Bill Clinton est le seul démocrate à avoir enchaîné deux mandats pleins à la Maison-Blanche depuis la Seconde Guerre mondiale, et les relations entre lui et M. Obama sont pacifiées depuis que le président a battu l’ancienne Première dame Hillary Clinton à la primaire de 2008. M. Clinton est monté au créneau plusieurs fois ces dernières semaines pour défendre son successeur.
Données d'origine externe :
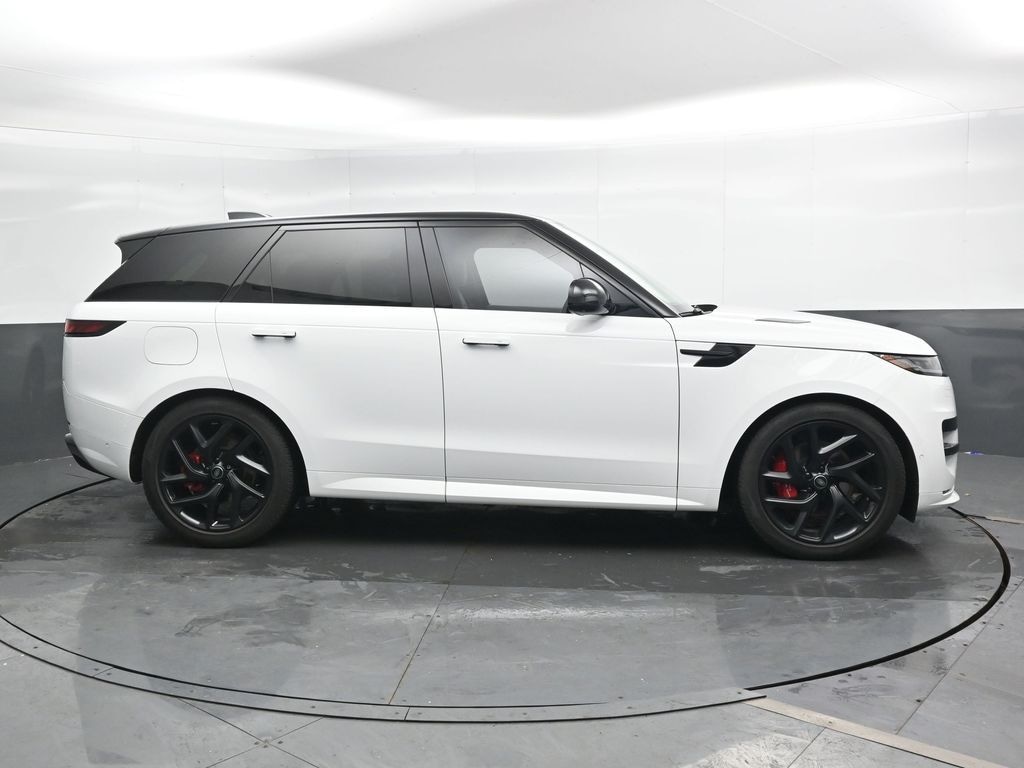 Used 2024 Land Rover Range Rover Sport Dynamic SE SUV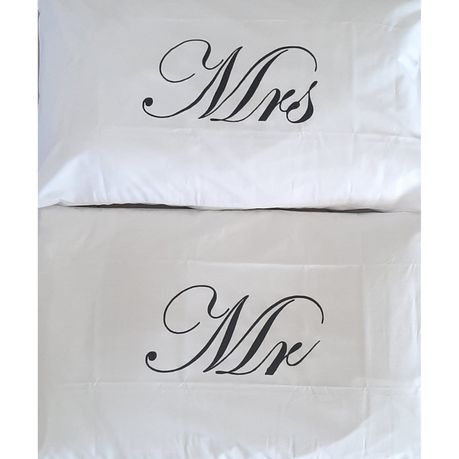 Mr & Mrs Pillow Cases Set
De son côté, M. Obama, qui a essuyé un revers vendredi avec la publication de médiocres chiffres du chômage, a rappelé que lorsque M. Clinton était au pouvoir, de 1993 à 2001, « tout le monde s’en sortait bien, même les classes supérieures, parce que le président Clinton (...) savait ce dont l’économie a besoin ». Il s’en est pris avec vigueur à M. Romney et ses alliés au Congrès. « Lorsque l’on regarde le budget qu’ils ont présenté, ils ne veulent pas seulement abroger (la réforme de l’assurance-maladie), ils parlent d’abroger le New Deal », les acquis sociaux des années 1930, a-t-il accusé, ajoutant : « Et je n’exagère pas. »
Remodelage
Par ailleurs, le prochain locataire de la Maison-Blanche, que ce soit M. Obama ou M. Romney, a toutes les chances de refaçonner la majorité à la Cour suprême, qui fait la pluie et le beau temps sur la société américaine.
La Haute Cour s’apprête à trancher sur la réforme de l’assurance-maladie chère au président Obama, et, par le passé, c’est aussi elle qui a mis fin à la ségrégation raciale, ou qui a rétabli la peine de mort ou autorisé le port d’armes. Elle devra sans doute l’an prochain se prononcer sur le mariage homosexuel. Dans une cour aujourd’hui à majorité conservatrice, trois des neuf juges auront 80 ans avant la fin du prochain mandat présidentiel, début 2017 – une progressiste et deux juges nommés par des présidents républicains. Si un seul de ces trois juges décide de partir à la retraite, son remplacement par un juge du camp adverse pourrait faire basculer la majorité de la Cour et, du coup, affecter ses décisions pour longtemps.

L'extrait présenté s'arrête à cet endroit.